This document cuts to the chase – a quick start to PHP for programmers. It’s not a tutorial in how to program for beginners. I come neither to bury nor praise PHP. It has its uses, as do all scripting languages, and can be great fun for a quick lash-up.
Nonsense
Let’s not sugar coat this – there are aspects of PHP that don’t make a lot of sense. Here are a few you should be aware of to avoid a load of confusion:
- Overloading in PHP does not refer to overloading in anything like the normal sense of the word in computer languages. It’s actually used to talk about interpreter hooks. There is no function overloading in PHP.
- Case sensitivity is inconsistent. Variable and constant names, and labels, are case sensitive. Other things are not, including function names, class names, keywords and namespaces.
- PHP syntax isn’t necessarily backward compatible, and new syntax is added on minor versions. This document is based on PHP 7.4, but mentions some important differences with 5.x and 7.x releases.

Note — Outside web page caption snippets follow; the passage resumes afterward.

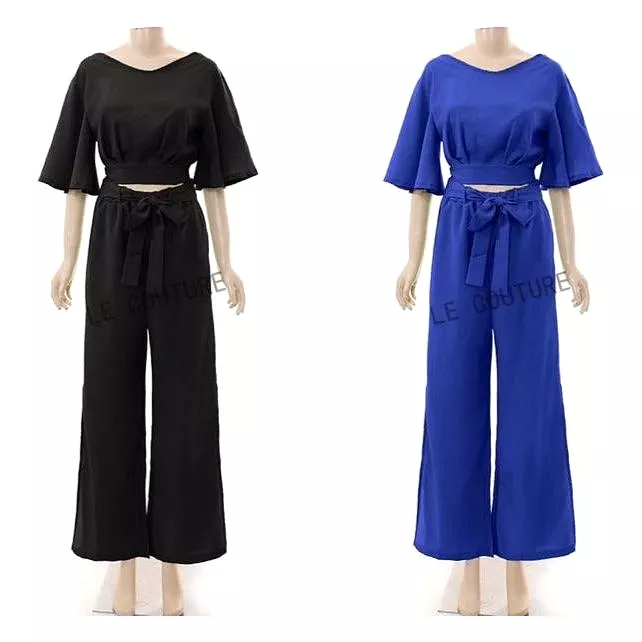 Short Sleeve V-Neck Top and Pant Set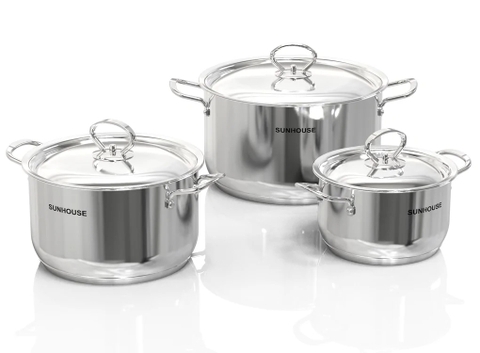 Bộ nồi inox 304 5 đáy SUNHOUSE SHG503 3 nồi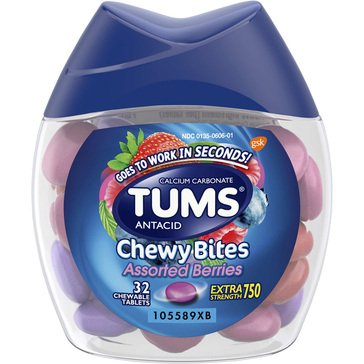 TUMS Chewy Bites Extra Strength Antacid Assorted Berry Hard Shell Chews, 32-count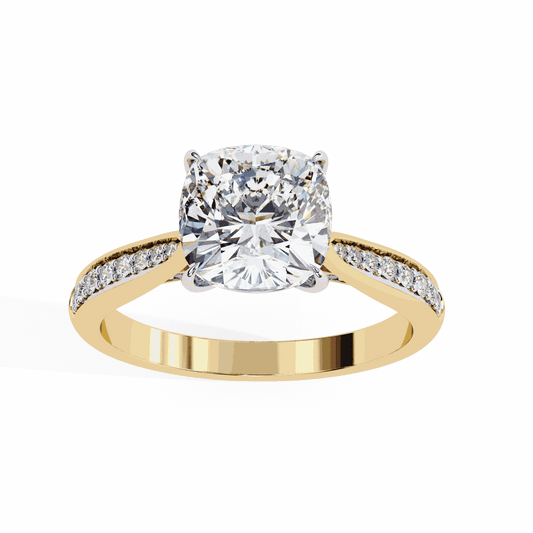 Cushion Cut Lab Grown Diamond Pave Engagement Ring with Tapered Two-Tone Shoulders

- The meaning of “declare” has nothing to do with declaring anything; it sets interpreter options.
- Multiple inheritance isn’t supported as a matter of design, which is then circumvented using a weird non-class called a trait.

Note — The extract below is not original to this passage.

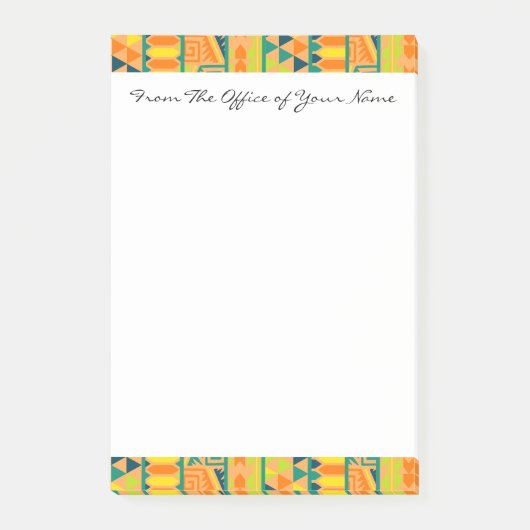 オレンジカラフル抽象芸術アステカ部族プリントパタン ポストイット (正面)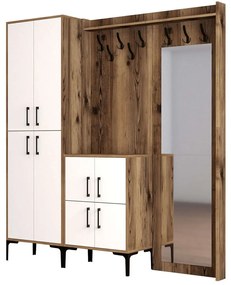 Έπιπλο Εισόδου Berlin 845HCT4214 180x35x200cm Walnut-White Particle Board, Metal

- The type declaration of “const” does not refer to an immutable object (it’s a way of declaring a manifest constant, and nothing more).
- Things like parametric polymorphism aren’t supported, but reflection is used to simulate them at run-time.
File format
PHP interprets lines from a text file:
#!/usr/local/bin/php
<!--?php
print (“Hello World\n”);
?-->
Like any other script language, it helps to put the name of the interpreter in the first line of the file although if it’s being run through Apache you won’t need to.
#!/usr/local/bin/php
If you’re using Linux rather than Unix this may be at /bin/php, of course.
Next there is the <!–?php … ?–> business. The PHP interpreter was intended to allow PHP code to be embedded in an HTML tag, so this is the opening and closing of a tag to get it to take notice of the stream.
On later (current) versions you can dispense with the HTML comments and wrap the file in <?php … ?>
And in the middle, there’s our print statement. And it is actually a statement; not a function. I just put the brackets around it because I could. It prints a single string.
Note the semicolon on the end – like ‘C’, line breaks are irrelevant and statements are ended by a ‘;’
PHP also includes the echo statement, which takes multiple arguments like echo in the shell:
echo "foo", "bar";
Having two ways of doing the same thing is all part of the fun on PHP.
Comments
As you might expect from the offspring of C++ and Bourne shell, you can use both types of comment. C++ // and /* */, as well as #. For the sake of sanity, I’ll stick with // in this document, but it’s a matter of taste which you prefer.
Constants
Literal constants follow the conventions you’re used to, with the exception of string literals, which follow normal shell convetions. That’s to say that they may be quoted with either a single (‘) or double (“) quote. A single quote does not produce an integer character code. This is covered in more detail in the Strings section.
Other literal constants are as you’d expect – 123 is a cardinal; 1.23 is a float, and True is a Boolean.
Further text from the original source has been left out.